Filthy Young Impalers. Of course, I could come up with an anecdote or something similar, but this doesn’t feel fitting for this band. Blessed with something that is missing from a lot of modern tech death, Filthy Young Impalers shine with energy, authenticity and songwriting for the sake of self-realization rather than being another technically proficient band of robots.
Their album Pattern Blue came out on the thirteenth of January. The first song off the record, “Paradox Lost”, already shows ideas and concepts that might evolve with time and future releases. Starting off with arpeggiated chords and seamlessly flowing into a staccato riffing, the listener gets a no nonsense feeling. There are no big, shining stereotypes thrown around; everything’s exactly as it’s supposed to be. The first solo in the track hits us at halfway point and makes for quite the ear catcher, but the band is also concerned with pacing, keeping the lead short so that it doesn’t overstay its welcome. Small elements of electronica also flit abou the track. If they continue down this unique path, Filthy Young Impalers could grow to be quite the innovators. To finish the track off properly, we are introduced to a reverb loaded solo that lends a more open feel to the track and ends on a high note (no pun intended).

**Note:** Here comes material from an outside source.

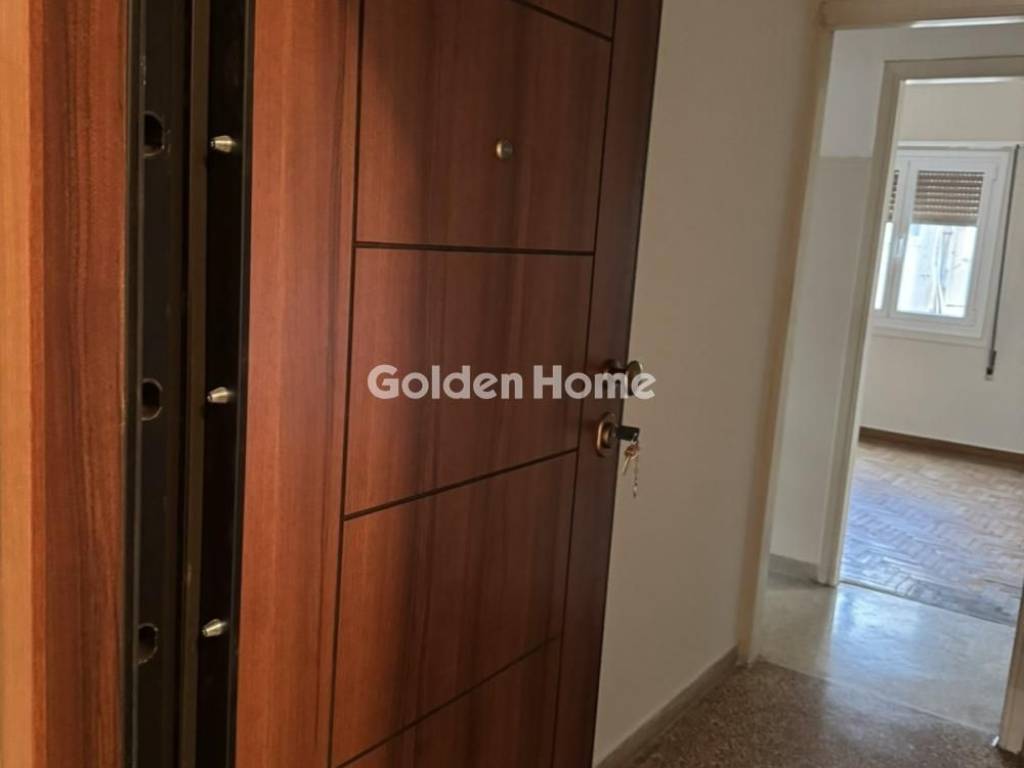 Χολ - Διάδρομος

The band plays with typical death metal aesthetics and scales but add layers upon layers to their songwriting. Fast riffs with recurring themes speak more of a pragmatic approach, compared to other bands of the genre. If the band sticks with a melody, it’s sure to be catchy. This point is also well illustrated in “Katsuragi Syndrome”, the second track off of Pattern Blue. The intro melody gets reused throughout the song while not giving off any feeling of regression. Thanks to the progression of the vocals and the impervious rhythm guitar work on the album, those recurring melodies can breathe and use their magic to bind the listener to these tracks.
I definitely have to put an emphasis on rhythm here,as Pattern Blue is a consistently groovy tech death record. The riffs have this jumpy feel and steady, bouncy drums deliver a natural, swinging feel that is rare in the genre.
Filthy Young Impalers have crafted an enormous, energetic experience that will satisfy the listener and neither lets him stay hungry on some elements or oversaturated after being done. Playing with death metal tropes in a way that doesn’t encourage stereotyping and immediate comparisons to other, bigger bands in the genre is definitely a success. Though, I wish for them to flash out the experimental parts a bit more in the future and ditch some of the repetition, I still enjoy the authenticity and the obvious feeling of a band that can grow. The production is fine though a bit lackluster in terms of vocals. I hopefully will hear from the band in the future and am excited for any new material.
Score: 8.5 / 10
Notable Tracks: “Paradox Lost”; “Katsuragi Syndrome”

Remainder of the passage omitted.